The Torah provides very little guidance with regard to the procedures of a marriage. The method of finding a spouse, the form of the wedding ceremony, and the nature of the marital relationship are all explained in the Talmud.
According to the Talmud, 40 days before a male child is conceived, a voice from heaven announces whose daughter he is going to marry, literally a match made in heaven!
The Talmud specifies that a woman is acquired (i.e., to be a wife) in three ways: through money, a contract, and sexual intercourse. Ordinarily, all three of these conditions are satisfied, although only one is necessary to effect a binding marriage.
Acquisition by money is normally satisfied by the wedding ring. The wife's acceptance of the money is a symbolic way of demonstrating her acceptance of the husband. In all cases, the Talmud specifies that a woman can be acquired only with her consent, and not without it.

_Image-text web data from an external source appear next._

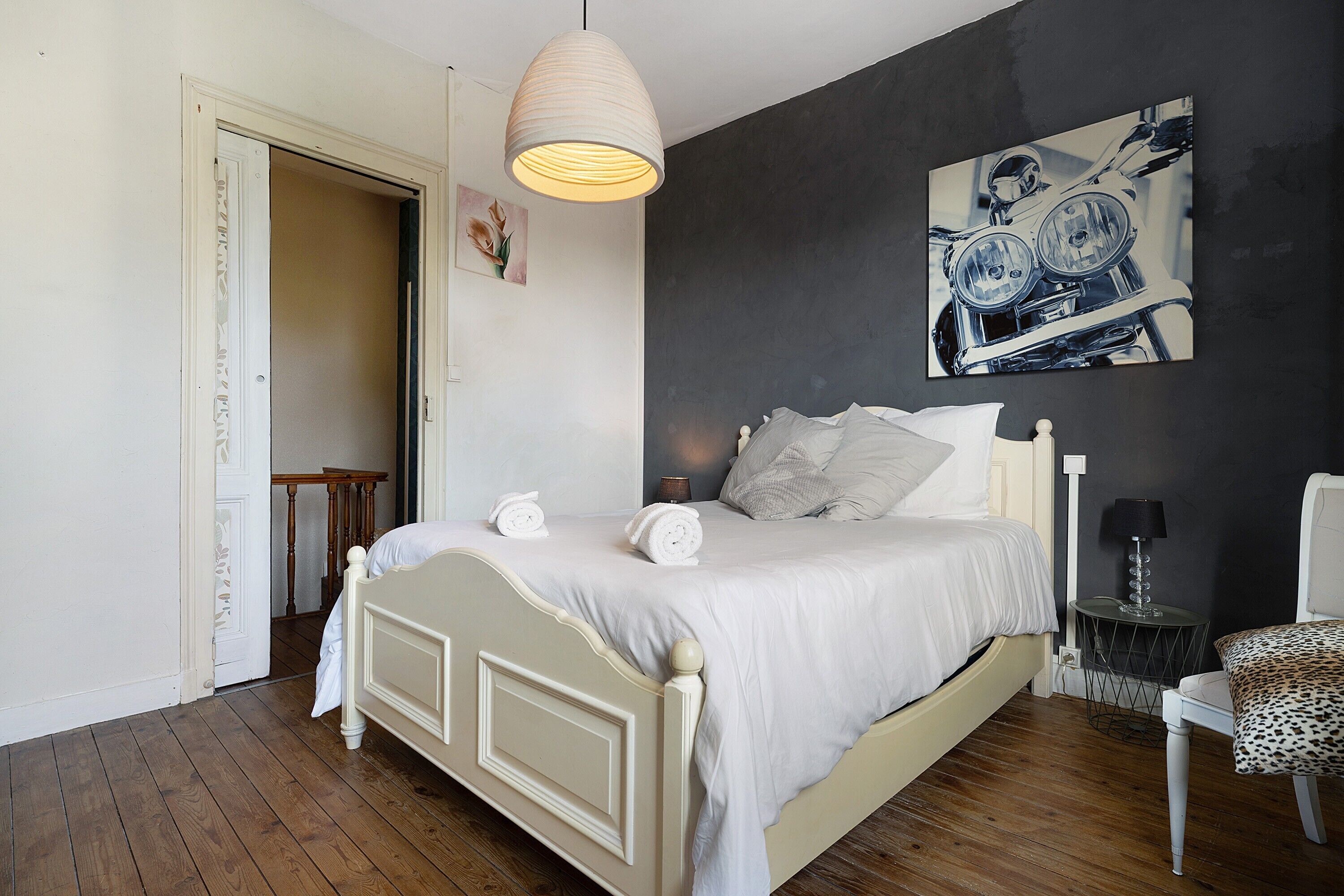 A bedroom with a bed, a hanging light fixture, a wall-mounted painting, and a chair.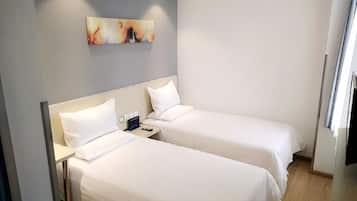Desk, blackout drapes, bed sheets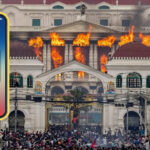 Large crowd of protesters gathered in front of historic Nepalese government building during social media ban demonstrations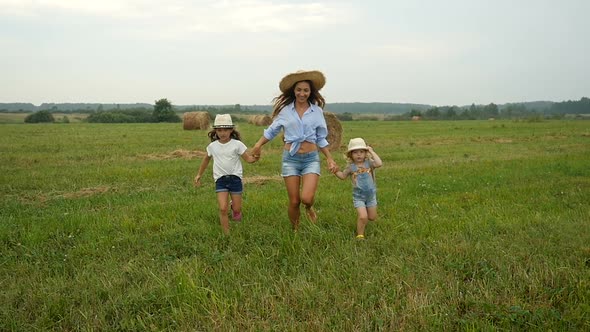 Mum Holding Hands With Kids and Running on the Field With Haystacks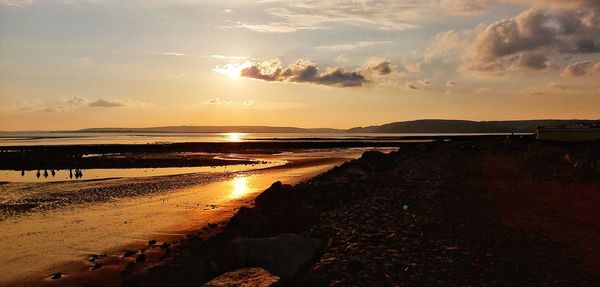 Scenic view of beach against sky during sunset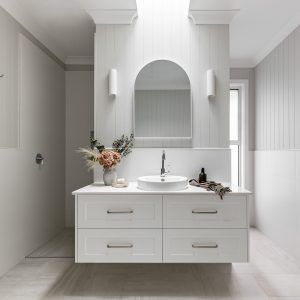 a white bathroom with two sinks and mirrors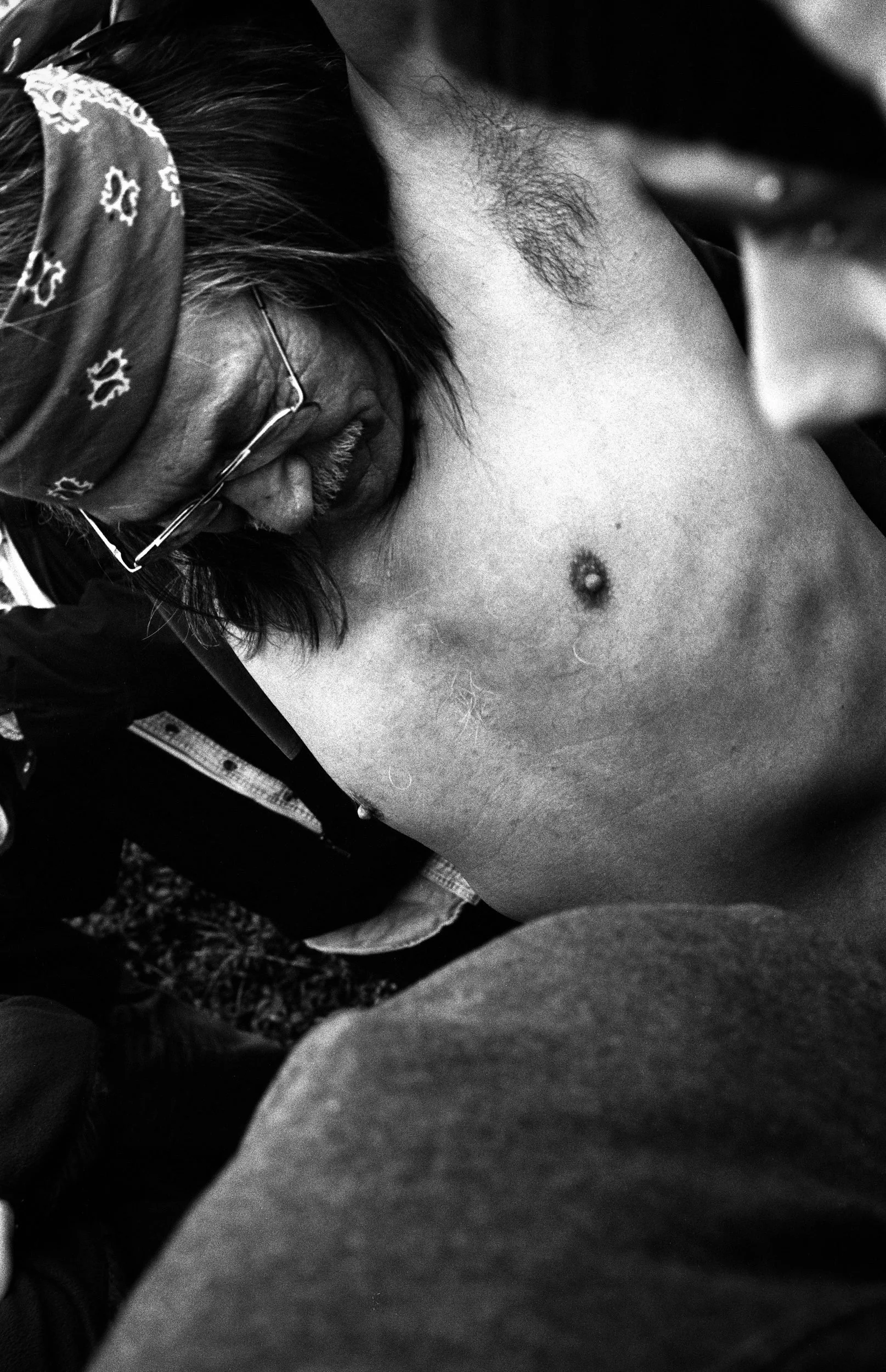 Black and white photograph of a person in close-up, wearing patterned clothing and sunglasses.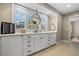 Modern bathroom with white cabinets and hexagon tile floors at 3051 Maple Ln, Alpharetta, GA 30009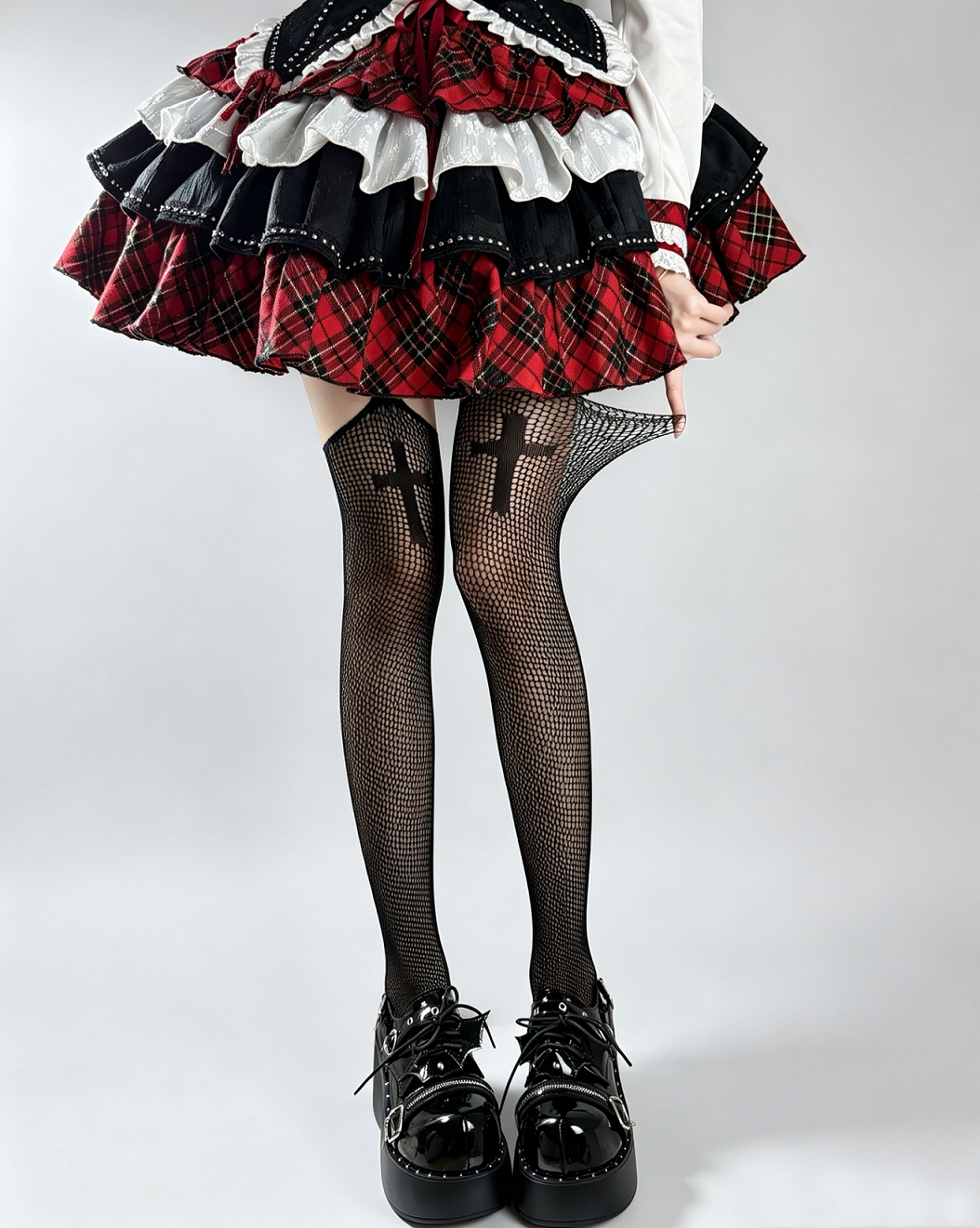 Black fishnet tights with large cross motifs styled beneath a red plaid skirt.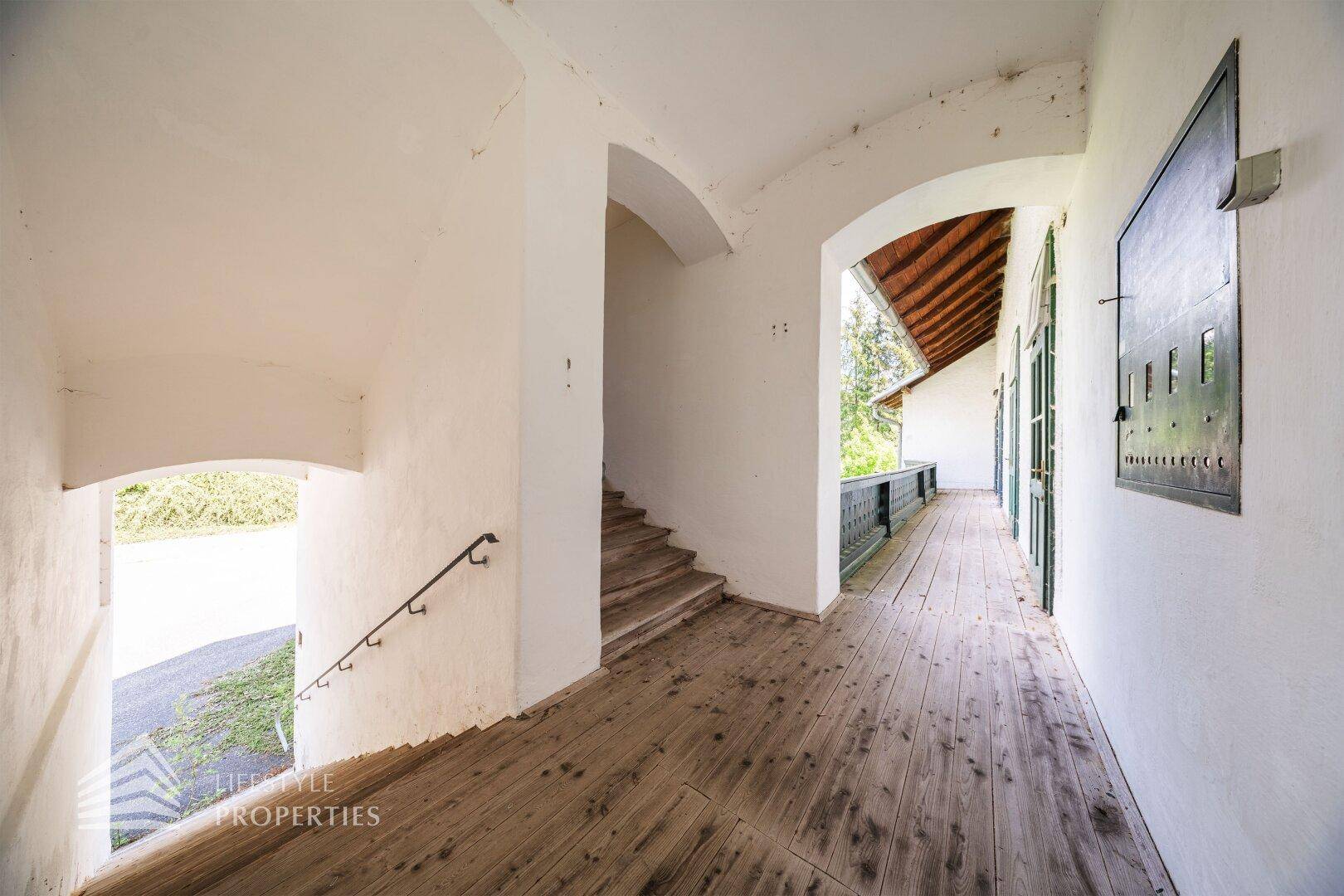 Flur mit Holzdielenboden, gewölbter Decke und Zugang zu einem langen Balkon.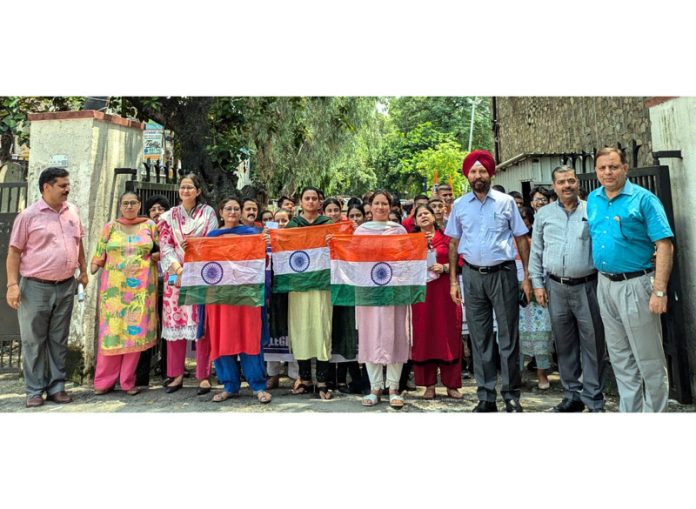 Students of SPMR College alongwith Principal and staff during an event.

As part of the wedding ceremony, the husband gives the wife a ketubah, the marriage contract. The ketubah spells out the husband's obligations to the wife during marriage, conditions of inheritance upon his death, and obligations regarding the support of children of the marriage. It also provides for the wife's support in the event of divorce. The ketubah is often a beautiful work of calligraphy, framed and displayed in the home.
The process of marriage occurs in two distinct stages: kiddushin (commonly translated as betrothal) and nisuin (full-fledged marriage). The relationship created by kiddushin can only be dissolved by death or divorce. However, the spouses do not live together at the time of the kiddushin, and the mutual obligations created by the marital relationship do not take effect until the nisuin is complete.
In the past, the kiddushin and nisuin would routinely occur as much as a year apart. During that time, the husband would prepare a home for the new family. Today, the two ceremonies are normally performed together.
Because marriage under Jewish law is essentially a private contractual agreement between a man and a woman, it does not require the presence of a rabbi or any other religious official. It is common, however, for rabbis to officiate.